[EXERCISE MATERIAL]:
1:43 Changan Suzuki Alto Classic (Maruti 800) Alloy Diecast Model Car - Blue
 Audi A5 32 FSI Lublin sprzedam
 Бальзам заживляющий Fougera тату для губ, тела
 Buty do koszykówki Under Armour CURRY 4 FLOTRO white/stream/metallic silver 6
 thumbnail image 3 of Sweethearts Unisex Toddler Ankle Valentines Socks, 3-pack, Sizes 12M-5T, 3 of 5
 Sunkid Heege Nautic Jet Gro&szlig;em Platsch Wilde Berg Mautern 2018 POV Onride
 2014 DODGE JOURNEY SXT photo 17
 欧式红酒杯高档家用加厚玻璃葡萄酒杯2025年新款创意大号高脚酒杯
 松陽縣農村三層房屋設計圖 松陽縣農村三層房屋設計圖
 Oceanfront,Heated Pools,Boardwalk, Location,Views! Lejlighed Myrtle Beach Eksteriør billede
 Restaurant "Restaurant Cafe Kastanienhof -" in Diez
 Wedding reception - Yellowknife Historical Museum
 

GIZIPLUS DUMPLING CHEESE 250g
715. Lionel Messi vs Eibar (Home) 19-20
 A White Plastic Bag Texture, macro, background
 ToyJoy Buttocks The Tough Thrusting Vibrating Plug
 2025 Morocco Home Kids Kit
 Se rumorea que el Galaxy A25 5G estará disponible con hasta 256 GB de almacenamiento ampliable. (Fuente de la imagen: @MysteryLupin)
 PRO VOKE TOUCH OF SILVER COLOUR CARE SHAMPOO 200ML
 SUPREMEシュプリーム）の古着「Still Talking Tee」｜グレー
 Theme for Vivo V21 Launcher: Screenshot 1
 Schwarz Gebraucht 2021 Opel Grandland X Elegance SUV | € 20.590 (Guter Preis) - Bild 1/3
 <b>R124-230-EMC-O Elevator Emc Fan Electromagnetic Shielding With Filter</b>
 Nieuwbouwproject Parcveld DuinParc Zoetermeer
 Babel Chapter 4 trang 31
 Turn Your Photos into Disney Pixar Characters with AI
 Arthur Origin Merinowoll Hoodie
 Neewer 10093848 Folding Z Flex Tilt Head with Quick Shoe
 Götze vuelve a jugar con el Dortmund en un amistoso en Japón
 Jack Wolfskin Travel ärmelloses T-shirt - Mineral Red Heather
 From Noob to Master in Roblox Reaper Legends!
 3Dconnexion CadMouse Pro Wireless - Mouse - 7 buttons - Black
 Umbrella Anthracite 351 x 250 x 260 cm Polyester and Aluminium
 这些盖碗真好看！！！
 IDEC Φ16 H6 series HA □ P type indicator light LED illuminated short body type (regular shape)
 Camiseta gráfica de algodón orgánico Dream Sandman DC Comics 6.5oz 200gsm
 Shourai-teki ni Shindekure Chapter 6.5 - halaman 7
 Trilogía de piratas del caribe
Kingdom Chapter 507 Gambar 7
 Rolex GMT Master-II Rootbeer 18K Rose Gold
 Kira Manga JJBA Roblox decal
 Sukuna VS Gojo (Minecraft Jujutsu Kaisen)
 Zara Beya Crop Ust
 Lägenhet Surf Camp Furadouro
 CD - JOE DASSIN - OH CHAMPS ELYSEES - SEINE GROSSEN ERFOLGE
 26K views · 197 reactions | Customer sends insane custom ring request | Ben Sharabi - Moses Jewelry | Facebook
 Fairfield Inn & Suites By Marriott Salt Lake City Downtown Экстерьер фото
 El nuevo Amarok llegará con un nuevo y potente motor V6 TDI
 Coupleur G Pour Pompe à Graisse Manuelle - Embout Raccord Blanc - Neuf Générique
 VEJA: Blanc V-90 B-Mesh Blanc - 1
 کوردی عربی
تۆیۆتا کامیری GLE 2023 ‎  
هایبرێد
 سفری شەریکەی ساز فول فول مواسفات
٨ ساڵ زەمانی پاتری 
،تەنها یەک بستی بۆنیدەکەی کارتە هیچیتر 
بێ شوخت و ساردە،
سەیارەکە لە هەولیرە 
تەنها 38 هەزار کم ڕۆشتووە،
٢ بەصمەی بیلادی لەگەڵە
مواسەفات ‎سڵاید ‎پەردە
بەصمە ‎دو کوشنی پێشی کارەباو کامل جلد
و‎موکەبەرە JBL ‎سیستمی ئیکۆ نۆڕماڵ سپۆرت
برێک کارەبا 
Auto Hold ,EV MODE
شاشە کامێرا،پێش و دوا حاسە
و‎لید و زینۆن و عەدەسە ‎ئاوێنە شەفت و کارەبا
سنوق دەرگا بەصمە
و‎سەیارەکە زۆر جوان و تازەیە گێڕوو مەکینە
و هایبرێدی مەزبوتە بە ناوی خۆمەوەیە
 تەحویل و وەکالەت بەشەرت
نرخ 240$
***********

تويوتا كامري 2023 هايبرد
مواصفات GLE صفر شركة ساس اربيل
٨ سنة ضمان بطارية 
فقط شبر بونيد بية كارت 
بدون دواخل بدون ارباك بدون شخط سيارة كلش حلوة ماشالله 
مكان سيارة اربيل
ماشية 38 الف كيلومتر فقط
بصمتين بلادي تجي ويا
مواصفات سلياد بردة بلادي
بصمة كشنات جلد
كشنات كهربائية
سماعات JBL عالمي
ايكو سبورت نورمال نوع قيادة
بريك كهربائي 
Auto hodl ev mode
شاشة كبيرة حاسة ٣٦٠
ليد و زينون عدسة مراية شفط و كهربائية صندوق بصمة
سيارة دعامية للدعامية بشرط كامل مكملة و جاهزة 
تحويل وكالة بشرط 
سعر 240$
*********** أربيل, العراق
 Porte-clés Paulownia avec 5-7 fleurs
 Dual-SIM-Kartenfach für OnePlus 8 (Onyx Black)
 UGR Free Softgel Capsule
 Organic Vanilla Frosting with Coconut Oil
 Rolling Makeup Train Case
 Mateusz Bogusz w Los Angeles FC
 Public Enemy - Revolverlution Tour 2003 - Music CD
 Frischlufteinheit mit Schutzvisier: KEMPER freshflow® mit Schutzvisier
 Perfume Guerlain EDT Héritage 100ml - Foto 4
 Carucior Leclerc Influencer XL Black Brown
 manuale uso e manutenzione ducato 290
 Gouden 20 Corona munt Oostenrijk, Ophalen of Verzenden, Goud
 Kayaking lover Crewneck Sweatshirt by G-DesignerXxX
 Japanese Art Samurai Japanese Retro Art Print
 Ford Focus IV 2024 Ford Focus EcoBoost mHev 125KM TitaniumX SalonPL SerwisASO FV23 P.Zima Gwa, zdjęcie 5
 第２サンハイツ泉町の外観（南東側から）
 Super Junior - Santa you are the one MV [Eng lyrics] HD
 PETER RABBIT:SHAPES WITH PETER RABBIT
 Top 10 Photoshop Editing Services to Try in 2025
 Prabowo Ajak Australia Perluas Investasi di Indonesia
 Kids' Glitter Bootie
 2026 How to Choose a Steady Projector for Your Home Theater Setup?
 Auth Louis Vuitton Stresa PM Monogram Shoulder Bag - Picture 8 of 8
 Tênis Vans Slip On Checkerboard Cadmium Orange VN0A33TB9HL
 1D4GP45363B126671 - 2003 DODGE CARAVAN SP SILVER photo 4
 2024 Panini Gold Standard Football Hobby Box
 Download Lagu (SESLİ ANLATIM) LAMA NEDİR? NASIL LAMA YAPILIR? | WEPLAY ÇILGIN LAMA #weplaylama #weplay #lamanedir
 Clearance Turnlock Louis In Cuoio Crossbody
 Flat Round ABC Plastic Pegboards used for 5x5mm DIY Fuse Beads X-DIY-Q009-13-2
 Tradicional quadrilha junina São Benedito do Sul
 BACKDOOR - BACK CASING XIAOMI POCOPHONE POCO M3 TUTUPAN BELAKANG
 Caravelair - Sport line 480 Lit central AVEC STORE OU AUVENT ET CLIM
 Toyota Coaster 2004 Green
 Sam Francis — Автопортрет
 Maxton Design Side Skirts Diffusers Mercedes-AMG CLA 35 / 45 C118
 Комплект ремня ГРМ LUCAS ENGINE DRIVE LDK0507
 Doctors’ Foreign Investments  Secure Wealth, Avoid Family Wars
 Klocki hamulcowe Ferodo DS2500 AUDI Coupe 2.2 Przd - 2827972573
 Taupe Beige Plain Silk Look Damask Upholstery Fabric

[TASK DESCRIPTION]:
Return, with no change at all, every line in the entries above from the line containing "٢ بەصمەی بیلادی لەگەڵە" through the line containing "Mateusz Bogusz w Los Angeles FC".

[YOUR RESPONSE]:
٢ بەصمەی بیلادی لەگەڵە
مواسەفات ‎سڵاید ‎پەردە
بەصمە ‎دو کوشنی پێشی کارەباو کامل جلد
و‎موکەبەرە JBL ‎سیستمی ئیکۆ نۆڕماڵ سپۆرت
برێک کارەبا 
Auto Hold ,EV MODE
شاشە کامێرا،پێش و دوا حاسە
و‎لید و زینۆن و عەدەسە ‎ئاوێنە شەفت و کارەبا
سنوق دەرگا بەصمە
و‎سەیارەکە زۆر جوان و تازەیە گێڕوو مەکینە
و هایبرێدی مەزبوتە بە ناوی خۆمەوەیە
 تەحویل و وەکالەت بەشەرت
نرخ 240$
***********

تويوتا كامري 2023 هايبرد
مواصفات GLE صفر شركة ساس اربيل
٨ سنة ضمان بطارية 
فقط شبر بونيد بية كارت 
بدون دواخل بدون ارباك بدون شخط سيارة كلش حلوة ماشالله 
مكان سيارة اربيل
ماشية 38 الف كيلومتر فقط
بصمتين بلادي تجي ويا
مواصفات سلياد بردة بلادي
بصمة كشنات جلد
كشنات كهربائية
سماعات JBL عالمي
ايكو سبورت نورمال نوع قيادة
بريك كهربائي 
Auto hodl ev mode
شاشة كبيرة حاسة ٣٦٠
ليد و زينون عدسة مراية شفط و كهربائية صندوق بصمة
سيارة دعامية للدعامية بشرط كامل مكملة و جاهزة 
تحويل وكالة بشرط 
سعر 240$
*********** أربيل, العراق
 Porte-clés Paulownia avec 5-7 fleurs
 Dual-SIM-Kartenfach für OnePlus 8 (Onyx Black)
 UGR Free Softgel Capsule
 Organic Vanilla Frosting with Coconut Oil
 Rolling Makeup Train Case
 Mateusz Bogusz w Los Angeles FC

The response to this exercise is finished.